↓
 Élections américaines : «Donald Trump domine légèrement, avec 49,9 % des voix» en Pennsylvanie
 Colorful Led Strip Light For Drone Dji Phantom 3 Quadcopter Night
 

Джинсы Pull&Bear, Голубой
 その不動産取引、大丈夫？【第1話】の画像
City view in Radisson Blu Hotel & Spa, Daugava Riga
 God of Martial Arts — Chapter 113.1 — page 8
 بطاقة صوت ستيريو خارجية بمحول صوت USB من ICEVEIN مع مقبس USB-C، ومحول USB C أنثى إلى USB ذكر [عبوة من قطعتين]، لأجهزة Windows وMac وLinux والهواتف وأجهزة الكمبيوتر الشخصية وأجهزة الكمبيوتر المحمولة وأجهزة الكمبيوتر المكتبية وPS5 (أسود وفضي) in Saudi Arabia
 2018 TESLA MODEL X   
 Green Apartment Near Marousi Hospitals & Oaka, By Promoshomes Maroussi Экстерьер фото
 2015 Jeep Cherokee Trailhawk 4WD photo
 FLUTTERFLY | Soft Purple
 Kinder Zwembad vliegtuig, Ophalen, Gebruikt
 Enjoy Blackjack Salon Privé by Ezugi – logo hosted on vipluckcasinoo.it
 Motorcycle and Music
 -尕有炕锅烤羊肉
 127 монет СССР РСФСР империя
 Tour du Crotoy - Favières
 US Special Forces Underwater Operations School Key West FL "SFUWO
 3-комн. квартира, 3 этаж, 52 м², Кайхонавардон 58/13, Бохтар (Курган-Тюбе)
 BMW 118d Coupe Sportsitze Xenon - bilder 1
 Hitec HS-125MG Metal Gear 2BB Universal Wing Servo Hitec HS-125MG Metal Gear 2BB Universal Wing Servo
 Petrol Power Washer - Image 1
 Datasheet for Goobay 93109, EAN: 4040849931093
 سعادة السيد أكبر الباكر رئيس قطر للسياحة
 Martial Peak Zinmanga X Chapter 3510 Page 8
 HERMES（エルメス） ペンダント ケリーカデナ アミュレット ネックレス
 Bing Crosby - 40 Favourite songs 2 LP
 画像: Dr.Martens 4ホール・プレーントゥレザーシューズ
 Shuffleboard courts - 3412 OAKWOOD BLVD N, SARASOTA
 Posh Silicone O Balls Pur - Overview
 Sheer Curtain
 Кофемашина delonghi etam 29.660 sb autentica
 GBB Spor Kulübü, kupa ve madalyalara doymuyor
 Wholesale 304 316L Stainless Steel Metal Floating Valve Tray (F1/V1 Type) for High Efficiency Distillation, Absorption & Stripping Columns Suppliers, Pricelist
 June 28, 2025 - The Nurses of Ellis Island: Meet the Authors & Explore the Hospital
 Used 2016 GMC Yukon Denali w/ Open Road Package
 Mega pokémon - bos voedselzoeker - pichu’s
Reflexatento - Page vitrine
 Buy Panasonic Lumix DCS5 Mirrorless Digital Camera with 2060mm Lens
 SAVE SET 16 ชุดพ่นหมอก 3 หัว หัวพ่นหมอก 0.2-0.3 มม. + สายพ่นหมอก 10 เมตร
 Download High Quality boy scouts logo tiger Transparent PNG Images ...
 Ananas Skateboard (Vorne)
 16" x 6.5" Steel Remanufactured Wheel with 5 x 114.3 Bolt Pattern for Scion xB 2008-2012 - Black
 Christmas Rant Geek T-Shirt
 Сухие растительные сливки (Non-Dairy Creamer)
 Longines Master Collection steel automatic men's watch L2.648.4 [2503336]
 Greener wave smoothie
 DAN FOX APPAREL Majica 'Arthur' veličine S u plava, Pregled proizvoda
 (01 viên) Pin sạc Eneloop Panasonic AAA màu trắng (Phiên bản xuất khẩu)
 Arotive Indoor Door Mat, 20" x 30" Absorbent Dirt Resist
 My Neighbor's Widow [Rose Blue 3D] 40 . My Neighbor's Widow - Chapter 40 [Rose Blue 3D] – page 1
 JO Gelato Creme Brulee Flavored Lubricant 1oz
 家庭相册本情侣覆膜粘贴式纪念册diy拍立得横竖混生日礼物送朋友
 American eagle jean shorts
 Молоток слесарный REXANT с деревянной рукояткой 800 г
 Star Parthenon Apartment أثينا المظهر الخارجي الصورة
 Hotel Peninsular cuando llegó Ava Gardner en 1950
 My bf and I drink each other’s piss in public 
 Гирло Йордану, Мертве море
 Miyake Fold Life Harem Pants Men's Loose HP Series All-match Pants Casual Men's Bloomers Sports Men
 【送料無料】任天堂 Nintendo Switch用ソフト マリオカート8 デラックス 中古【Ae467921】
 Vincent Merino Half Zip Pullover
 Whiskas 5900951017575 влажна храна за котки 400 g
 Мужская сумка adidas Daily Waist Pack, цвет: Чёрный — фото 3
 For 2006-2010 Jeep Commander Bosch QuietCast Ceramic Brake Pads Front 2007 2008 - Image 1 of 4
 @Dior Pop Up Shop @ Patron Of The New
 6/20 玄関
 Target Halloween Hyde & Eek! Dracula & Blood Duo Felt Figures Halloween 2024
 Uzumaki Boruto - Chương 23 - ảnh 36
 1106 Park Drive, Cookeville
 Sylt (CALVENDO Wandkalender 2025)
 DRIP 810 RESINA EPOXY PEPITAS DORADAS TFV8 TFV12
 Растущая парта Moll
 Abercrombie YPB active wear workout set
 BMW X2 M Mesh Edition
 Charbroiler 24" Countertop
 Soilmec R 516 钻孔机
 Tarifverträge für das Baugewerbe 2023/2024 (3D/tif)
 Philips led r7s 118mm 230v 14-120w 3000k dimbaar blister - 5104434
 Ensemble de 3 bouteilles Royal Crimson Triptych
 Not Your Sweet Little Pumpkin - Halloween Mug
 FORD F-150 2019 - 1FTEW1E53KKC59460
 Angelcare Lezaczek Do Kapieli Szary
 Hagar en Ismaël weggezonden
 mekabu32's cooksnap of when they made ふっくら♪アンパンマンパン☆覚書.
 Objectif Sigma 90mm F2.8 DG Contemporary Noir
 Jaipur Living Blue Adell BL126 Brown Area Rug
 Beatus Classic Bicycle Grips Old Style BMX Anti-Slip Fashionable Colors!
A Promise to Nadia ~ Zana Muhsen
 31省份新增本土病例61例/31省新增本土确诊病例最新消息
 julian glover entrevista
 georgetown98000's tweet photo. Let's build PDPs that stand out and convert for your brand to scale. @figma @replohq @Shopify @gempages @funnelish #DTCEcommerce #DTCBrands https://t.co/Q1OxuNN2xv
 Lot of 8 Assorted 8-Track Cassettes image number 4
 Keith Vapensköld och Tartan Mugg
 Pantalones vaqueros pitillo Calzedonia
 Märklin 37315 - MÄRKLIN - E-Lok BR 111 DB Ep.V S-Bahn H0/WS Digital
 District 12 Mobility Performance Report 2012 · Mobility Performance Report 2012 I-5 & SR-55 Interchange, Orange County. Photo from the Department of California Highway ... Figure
↑
*EXERCISE AIM:* Restate every record word for word.

*RESULT FOR THIS EXERCISE:*
 Élections américaines : «Donald Trump domine légèrement, avec 49,9 % des voix» en Pennsylvanie
 Colorful Led Strip Light For Drone Dji Phantom 3 Quadcopter Night
 

Джинсы Pull&Bear, Голубой
 その不動産取引、大丈夫？【第1話】の画像
City view in Radisson Blu Hotel & Spa, Daugava Riga
 God of Martial Arts — Chapter 113.1 — page 8
 بطاقة صوت ستيريو خارجية بمحول صوت USB من ICEVEIN مع مقبس USB-C، ومحول USB C أنثى إلى USB ذكر [عبوة من قطعتين]، لأجهزة Windows وMac وLinux والهواتف وأجهزة الكمبيوتر الشخصية وأجهزة الكمبيوتر المحمولة وأجهزة الكمبيوتر المكتبية وPS5 (أسود وفضي) in Saudi Arabia
 2018 TESLA MODEL X   
 Green Apartment Near Marousi Hospitals & Oaka, By Promoshomes Maroussi Экстерьер фото
 2015 Jeep Cherokee Trailhawk 4WD photo
 FLUTTERFLY | Soft Purple
 Kinder Zwembad vliegtuig, Ophalen, Gebruikt
 Enjoy Blackjack Salon Privé by Ezugi – logo hosted on vipluckcasinoo.it
 Motorcycle and Music
 -尕有炕锅烤羊肉
 127 монет СССР РСФСР империя
 Tour du Crotoy - Favières
 US Special Forces Underwater Operations School Key West FL "SFUWO
 3-комн. квартира, 3 этаж, 52 м², Кайхонавардон 58/13, Бохтар (Курган-Тюбе)
 BMW 118d Coupe Sportsitze Xenon - bilder 1
 Hitec HS-125MG Metal Gear 2BB Universal Wing Servo Hitec HS-125MG Metal Gear 2BB Universal Wing Servo
 Petrol Power Washer - Image 1
 Datasheet for Goobay 93109, EAN: 4040849931093
 سعادة السيد أكبر الباكر رئيس قطر للسياحة
 Martial Peak Zinmanga X Chapter 3510 Page 8
 HERMES（エルメス） ペンダント ケリーカデナ アミュレット ネックレス
 Bing Crosby - 40 Favourite songs 2 LP
 画像: Dr.Martens 4ホール・プレーントゥレザーシューズ
 Shuffleboard courts - 3412 OAKWOOD BLVD N, SARASOTA
 Posh Silicone O Balls Pur - Overview
 Sheer Curtain
 Кофемашина delonghi etam 29.660 sb autentica
 GBB Spor Kulübü, kupa ve madalyalara doymuyor
 Wholesale 304 316L Stainless Steel Metal Floating Valve Tray (F1/V1 Type) for High Efficiency Distillation, Absorption & Stripping Columns Suppliers, Pricelist
 June 28, 2025 - The Nurses of Ellis Island: Meet the Authors & Explore the Hospital
 Used 2016 GMC Yukon Denali w/ Open Road Package
 Mega pokémon - bos voedselzoeker - pichu’s
Reflexatento - Page vitrine
 Buy Panasonic Lumix DCS5 Mirrorless Digital Camera with 2060mm Lens
 SAVE SET 16 ชุดพ่นหมอก 3 หัว หัวพ่นหมอก 0.2-0.3 มม. + สายพ่นหมอก 10 เมตร
 Download High Quality boy scouts logo tiger Transparent PNG Images ...
 Ananas Skateboard (Vorne)
 16" x 6.5" Steel Remanufactured Wheel with 5 x 114.3 Bolt Pattern for Scion xB 2008-2012 - Black
 Christmas Rant Geek T-Shirt
 Сухие растительные сливки (Non-Dairy Creamer)
 Longines Master Collection steel automatic men's watch L2.648.4 [2503336]
 Greener wave smoothie
 DAN FOX APPAREL Majica 'Arthur' veličine S u plava, Pregled proizvoda
 (01 viên) Pin sạc Eneloop Panasonic AAA màu trắng (Phiên bản xuất khẩu)
 Arotive Indoor Door Mat, 20" x 30" Absorbent Dirt Resist
 My Neighbor's Widow [Rose Blue 3D] 40 . My Neighbor's Widow - Chapter 40 [Rose Blue 3D] – page 1
 JO Gelato Creme Brulee Flavored Lubricant 1oz
 家庭相册本情侣覆膜粘贴式纪念册diy拍立得横竖混生日礼物送朋友
 American eagle jean shorts
 Молоток слесарный REXANT с деревянной рукояткой 800 г
 Star Parthenon Apartment أثينا المظهر الخارجي الصورة
 Hotel Peninsular cuando llegó Ava Gardner en 1950
 My bf and I drink each other’s piss in public 
 Гирло Йордану, Мертве море
 Miyake Fold Life Harem Pants Men's Loose HP Series All-match Pants Casual Men's Bloomers Sports Men
 【送料無料】任天堂 Nintendo Switch用ソフト マリオカート8 デラックス 中古【Ae467921】
 Vincent Merino Half Zip Pullover
 Whiskas 5900951017575 влажна храна за котки 400 g
 Мужская сумка adidas Daily Waist Pack, цвет: Чёрный — фото 3
 For 2006-2010 Jeep Commander Bosch QuietCast Ceramic Brake Pads Front 2007 2008 - Image 1 of 4
 @Dior Pop Up Shop @ Patron Of The New
 6/20 玄関
 Target Halloween Hyde & Eek! Dracula & Blood Duo Felt Figures Halloween 2024
 Uzumaki Boruto - Chương 23 - ảnh 36
 1106 Park Drive, Cookeville
 Sylt (CALVENDO Wandkalender 2025)
 DRIP 810 RESINA EPOXY PEPITAS DORADAS TFV8 TFV12
 Растущая парта Moll
 Abercrombie YPB active wear workout set
 BMW X2 M Mesh Edition
 Charbroiler 24" Countertop
 Soilmec R 516 钻孔机
 Tarifverträge für das Baugewerbe 2023/2024 (3D/tif)
 Philips led r7s 118mm 230v 14-120w 3000k dimbaar blister - 5104434
 Ensemble de 3 bouteilles Royal Crimson Triptych
 Not Your Sweet Little Pumpkin - Halloween Mug
 FORD F-150 2019 - 1FTEW1E53KKC59460
 Angelcare Lezaczek Do Kapieli Szary
 Hagar en Ismaël weggezonden
 mekabu32's cooksnap of when they made ふっくら♪アンパンマンパン☆覚書.
 Objectif Sigma 90mm F2.8 DG Contemporary Noir
 Jaipur Living Blue Adell BL126 Brown Area Rug
 Beatus Classic Bicycle Grips Old Style BMX Anti-Slip Fashionable Colors!
A Promise to Nadia ~ Zana Muhsen
 31省份新增本土病例61例/31省新增本土确诊病例最新消息
 julian glover entrevista
 georgetown98000's tweet photo. Let's build PDPs that stand out and convert for your brand to scale. @figma @replohq @Shopify @gempages @funnelish #DTCEcommerce #DTCBrands https://t.co/Q1OxuNN2xv
 Lot of 8 Assorted 8-Track Cassettes image number 4
 Keith Vapensköld och Tartan Mugg
 Pantalones vaqueros pitillo Calzedonia
 Märklin 37315 - MÄRKLIN - E-Lok BR 111 DB Ep.V S-Bahn H0/WS Digital
 District 12 Mobility Performance Report 2012 · Mobility Performance Report 2012 I-5 & SR-55 Interchange, Orange County. Photo from the Department of California Highway ... Figure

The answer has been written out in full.